A school has been told it needs to improve by Ofsted inspectors.
Rushden Community College was inspected in April and inspectors say it requires improvement in achievement of pupils, quality of teaching, behaviour and safety of pupils and leadership and management.
The school, which has 970 pupils aged 11 to 18 and became an academy with The Education Fellowship in December 2012, has been told students are not achieving well, especially in Years 9, 10 and 11, some teaching is not good and students are not learning quick enough, and students’ behaviour is not consistently good.
But strengths were also noted, including progress is best in Years 7 and 8 as these pupils have been in the academy the longest, the progress of students in Years 9, 10 and 11 has accelerated since September 2013 and the sixth form is good.

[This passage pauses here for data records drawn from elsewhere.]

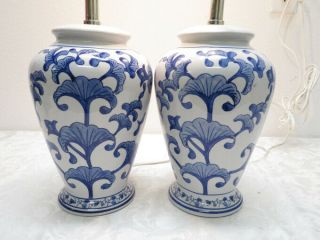 Pair Vintage Oriental Blue White Shell Pattern Nantucket Ginger Jar Lamps
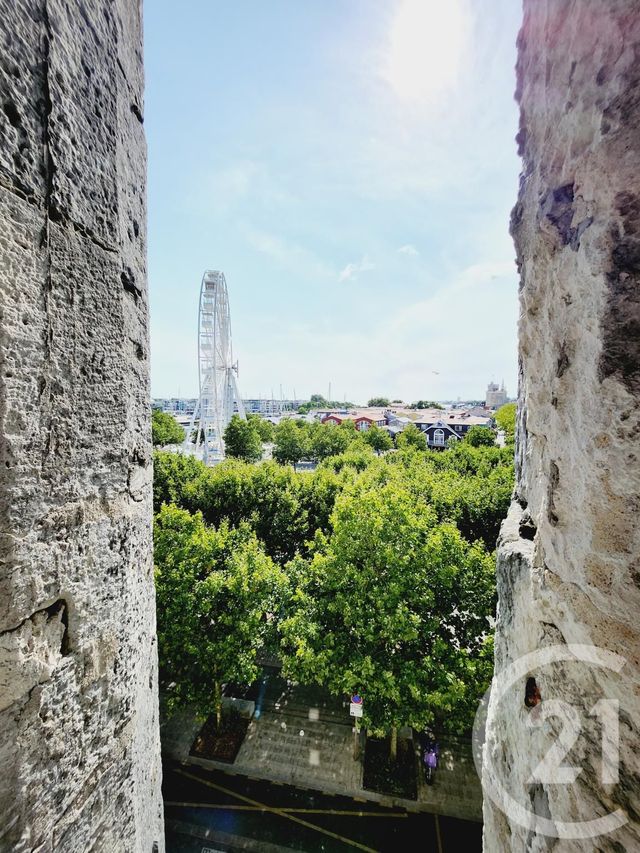 Appartement F2 à louer - 2 pièces - 41.98 m2 - LA ROCHELLE - 17 - POITOU-CHARENTES - Century 21 Agence Du Vieux-Port
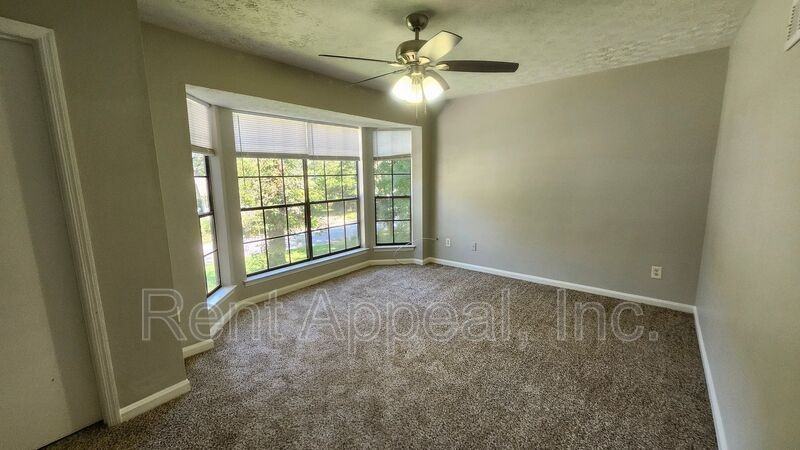 6915 Babbling Brook Dr - Photo 5 of 13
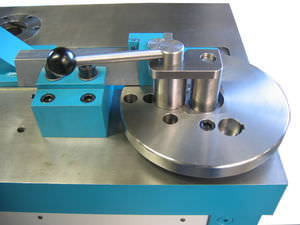 cintreuse universelle / hydraulique / de tubes / de profilés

Lizzie Rowe, deputy CEO of The Education Fellowship, said: “There is much still to do in taking Rushden to outstanding and eradicating its legacy. But while we require “improvement”, we have the capacity and ambition to achieve a flagship school for our amazing pupils and the community. We are all really proud of the staff and pupils and are determined to continue supporting and developing the school as it grows further. Students start at the academy with below average attainment so we know the challenge they face in their secondary education.

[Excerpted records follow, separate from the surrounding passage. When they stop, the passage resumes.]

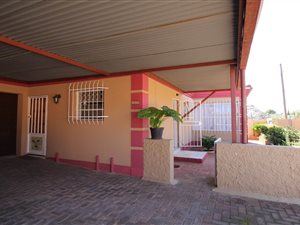3 Bed Townhouse in Eike Park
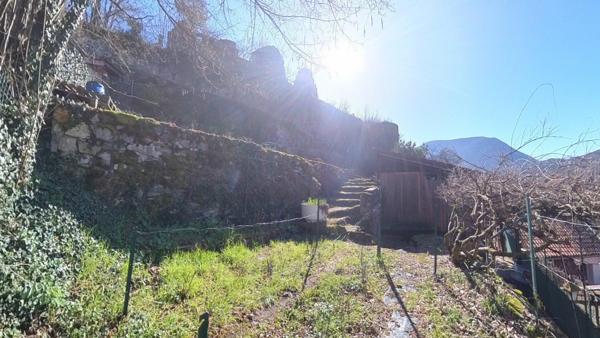 Maison 120 m² Sur trois niveau avec jardin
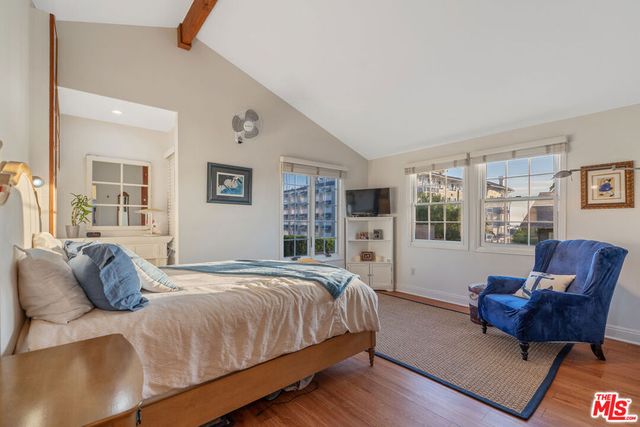 41 Vicente Terrace, Santa Monica, CA 90401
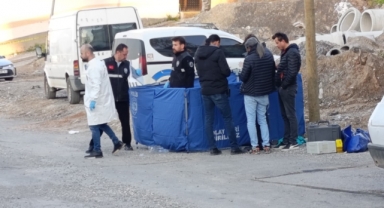 Arkadaşını Pompalı Tüfekle Vurarak Öldürdü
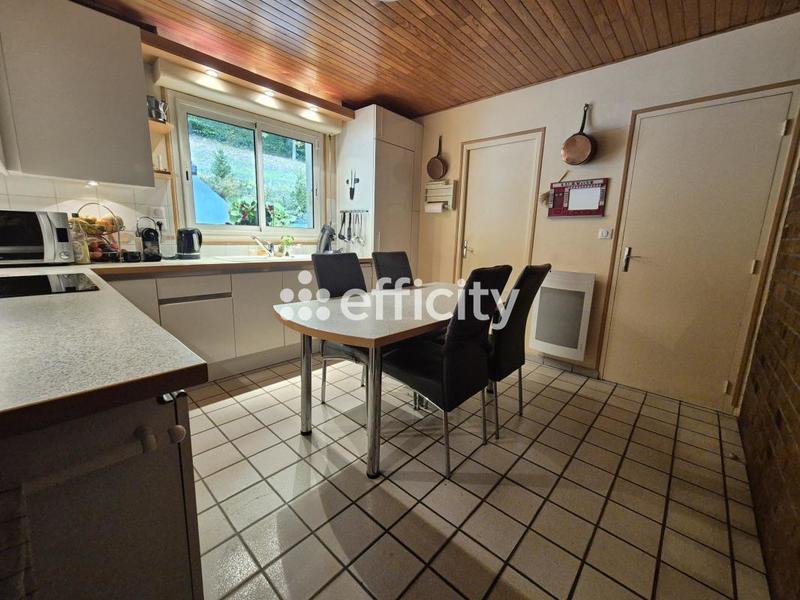 Maison - 147 m² - 7 pièces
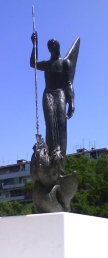 Rijeka_kip svetog Mihovila ispred PU Rijeka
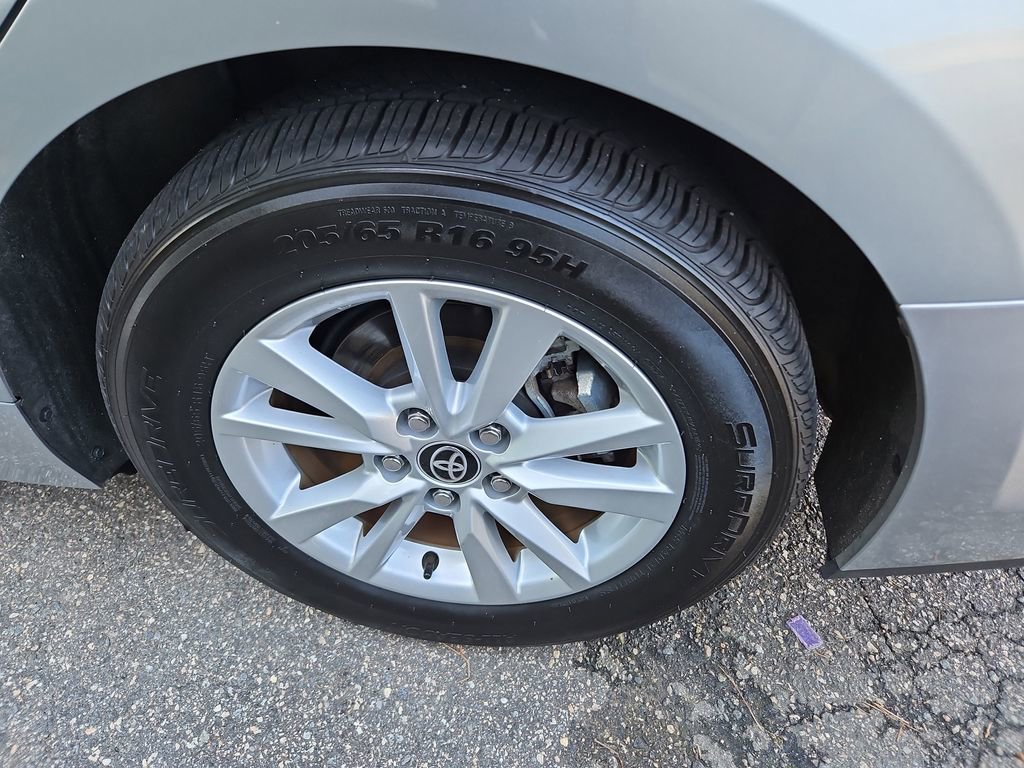 Used 2025 Toyota Camry SE FWD image 33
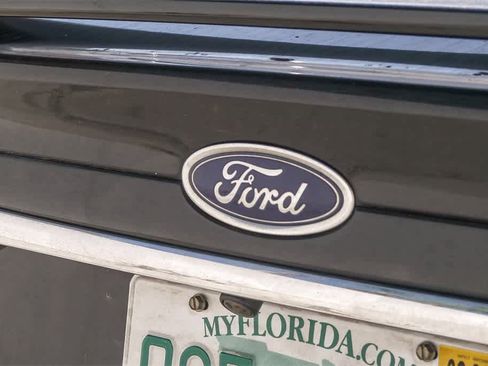 Used 2017 Ford Fusion Platinum image 11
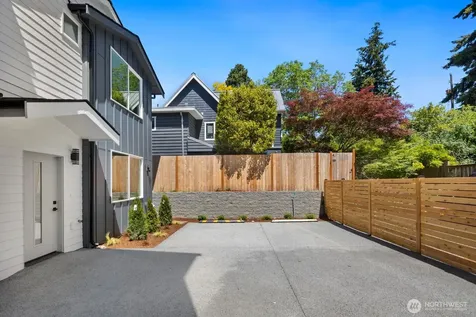 334 NE 90th Street Seattle WA 98115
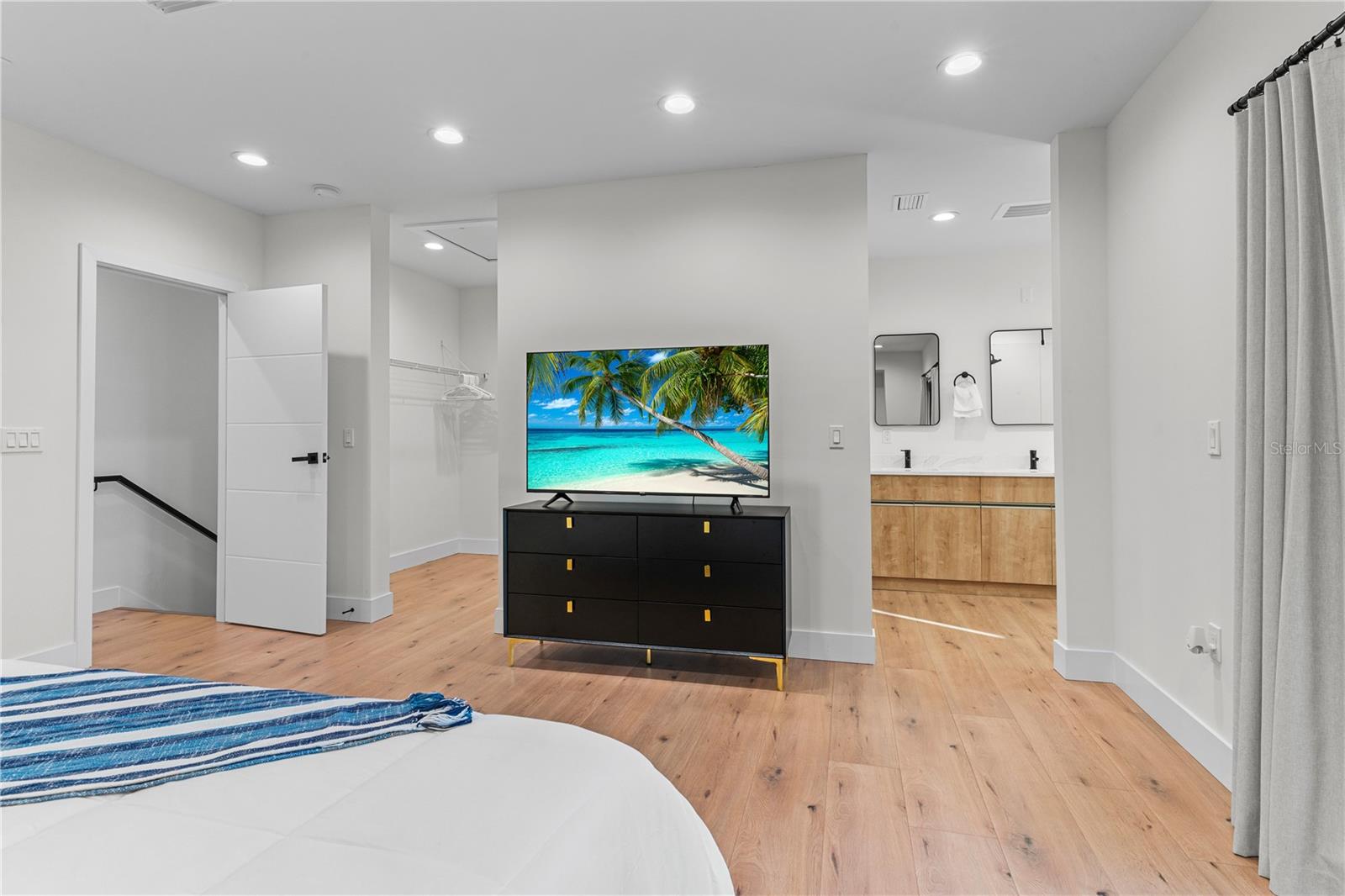 2200 BAY BLVD #B — photo 44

“I was particularly pleased that Ofsted recognised that all groups of Year 7 and 8 students, who have been in the academy for the greatest proportion of their secondary education, are making better progress. Older students are making more rapid progress since the academy opened and are starting to catch up. The Education Fellowship is clearly having a huge impact.”
Associate principal Ian Tucker said: “I am delighted by the report and it will give staff and pupils the confidence they need to carry on their journey.
“Ofsted noted we have a good choice of subjects for our students to study, extra-curricular activities in sports and other activities, which I know students appreciate, and that literacy and numeracy skills are being addressed with extra lessons.”